For a moment the Sorcerer was silent. He spiced his coffee with rum, dipped in his bread, chewed slowly, then looked up, steadily, at the boy. “You are the best of students. And you wish to do good, but you can't be too faithful, or too eager, or the good becomes evil.”

“Now I don't understand,” Allan said. “By themselves the tricks aren't good
or
evil, and if you plan to do good, then the results must be good.”

Rubin exhaled, finished his coffee, then shoved his plate toward the boy. “Clean the dishes,” he said. Then, more gently: “What I know has worked I will teach. There is no certainty these things can work for you, or even for me, a second time. White magic comes and goes. I'm teaching you a trade, Allan. You will never starve. This is because after fifty years, I still can't foresee if an incantation will be magic or foolishness.”

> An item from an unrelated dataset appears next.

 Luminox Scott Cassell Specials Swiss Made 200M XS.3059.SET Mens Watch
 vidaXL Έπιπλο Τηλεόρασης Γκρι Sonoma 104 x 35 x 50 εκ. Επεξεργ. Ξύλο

These were not, of course, the answers Allan longed to hear. He said, “Yes, sir,” and quietly cleared away their dishes. If he had replied aloud to Rubin, as he did silently while toweling dry their silverware later that night, he would have told the Sorcerer, “You are the greatest magician in the world because you have studied magic and the long-dead masters of magic, and I believe, even if you do not, that the secret of doing good is a good heart and having a hundred spells at your disposal, so I will study everything—the words and timbre and tone of your voice as you conjure, and listen to those you have heard. Then I, too, will have magic and can do good.” He washed his underwear in the moonlight, as is fitting for a fledgling magician, tossed his dishpan water into the river, and, after hanging his washpail on a hook behind Rubin's front door, undressed, and fell asleep with these thoughts: To do good is a very great thing, the
only
thing, but a magician must be able to conjure at a moment's notice. Surely it is all a question of know-how.